▶ **WHAT IS EXPECTED**
Each line below should be retyped exactly, with no pictures.
┏━━
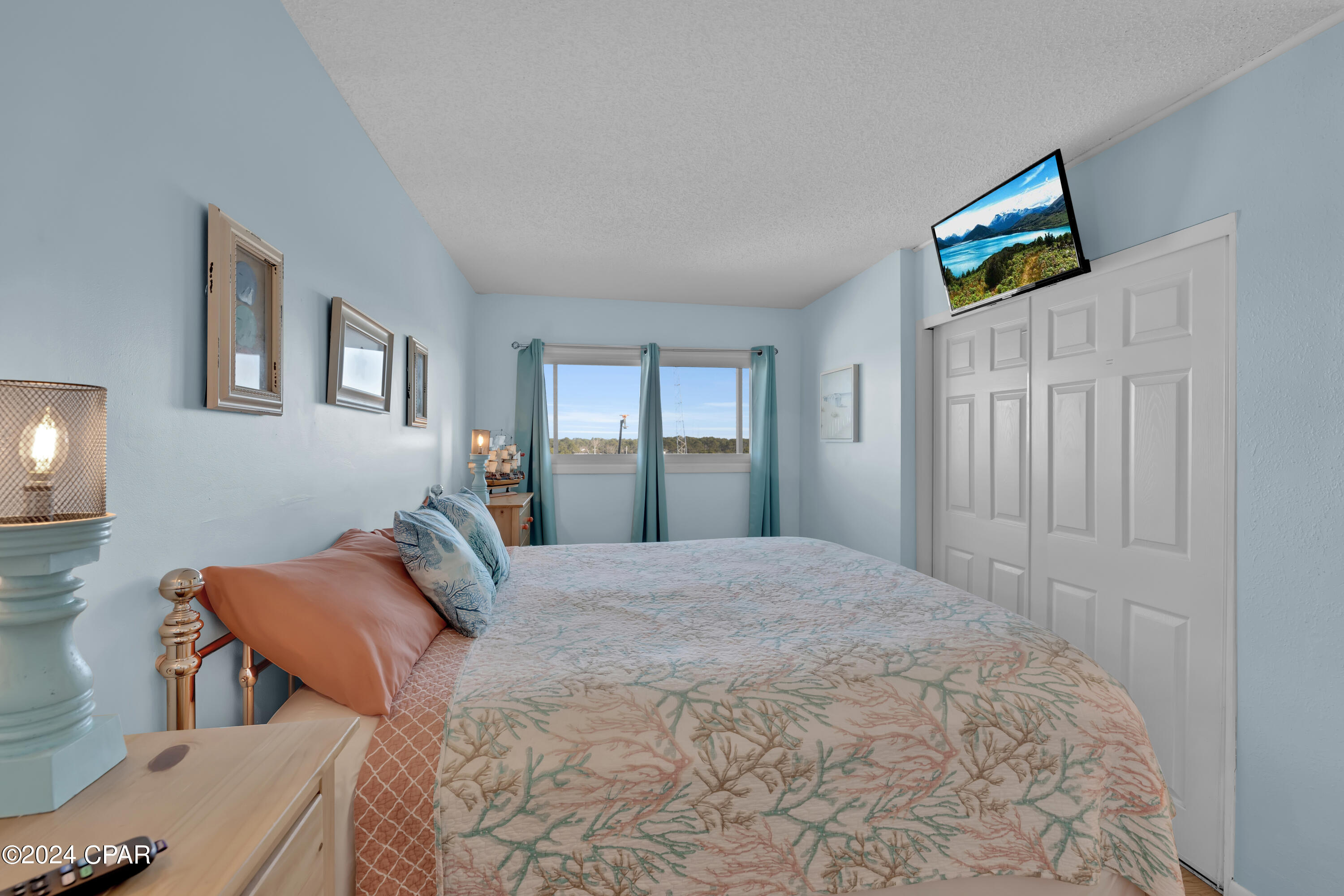 8743 S Thomas Drive Unit: 906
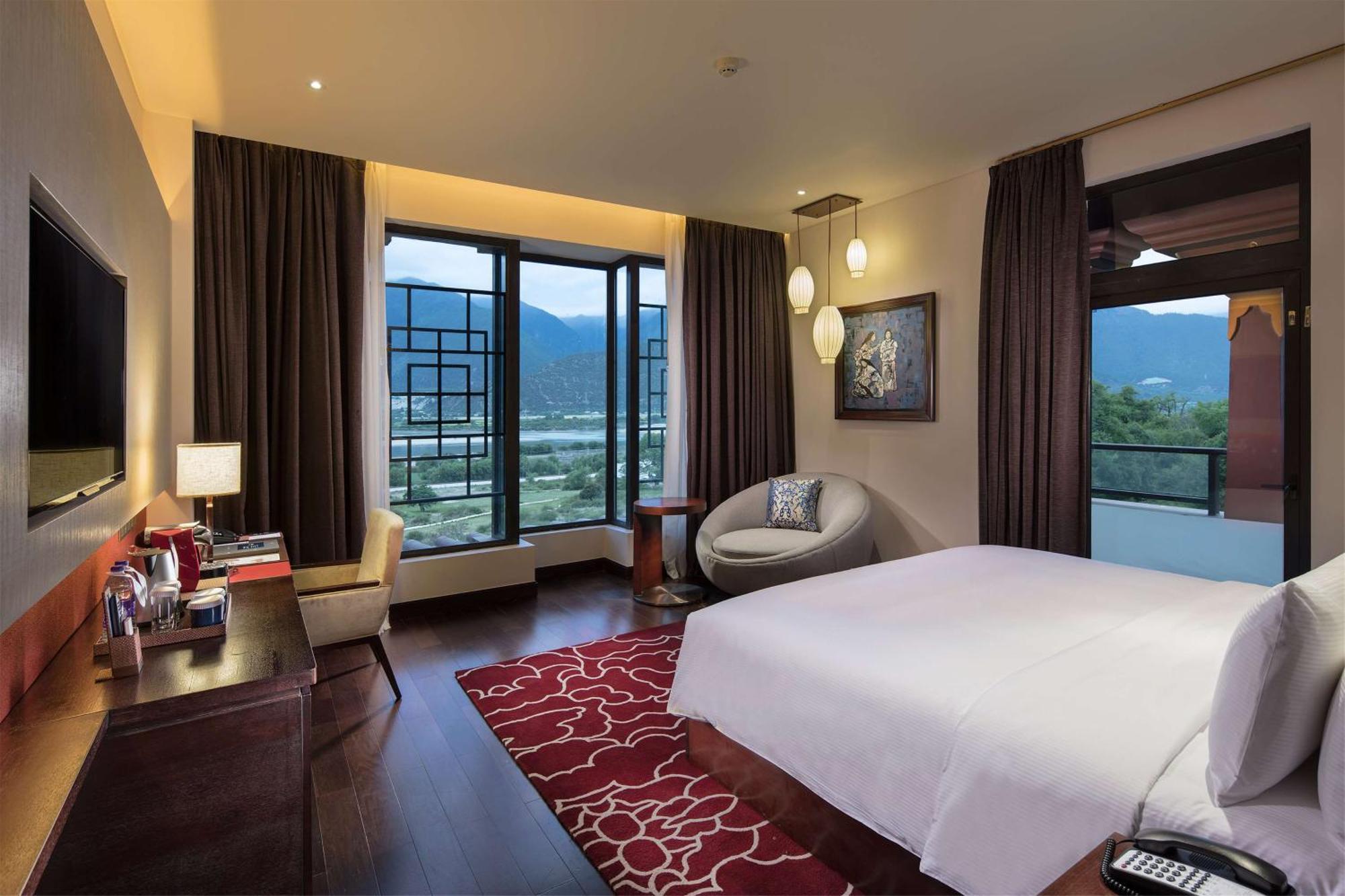 Hilton Linzhi Resort Nyingchi Bagian luar foto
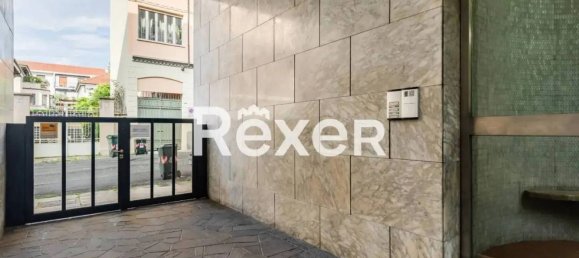 6 bedrooms Apartment in Turin, Italy No. 363271 3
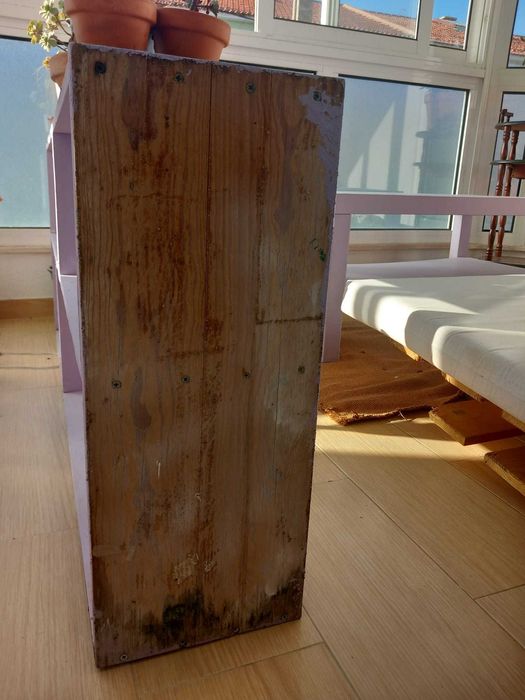 Móvel com prateleiras lilás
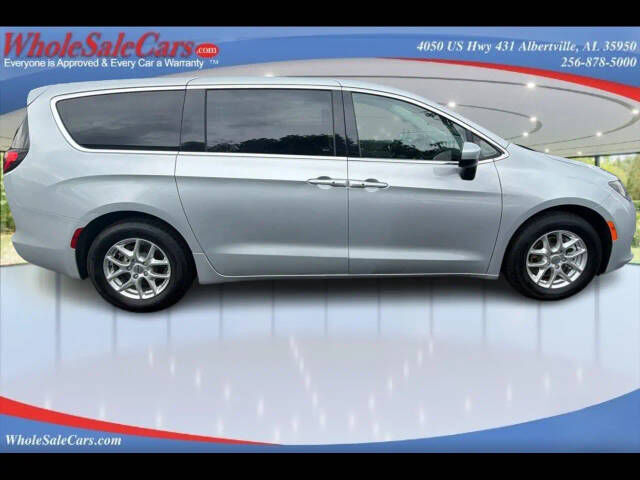 2023 CHRYSLER Voyager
┗━━
▶ **RESULT FOR THIS EXERCISE**
 8743 S Thomas Drive Unit: 906
 Hilton Linzhi Resort Nyingchi Bagian luar foto
 6 bedrooms Apartment in Turin, Italy No. 363271 3
 Móvel com prateleiras lilás
 2023 CHRYSLER Voyager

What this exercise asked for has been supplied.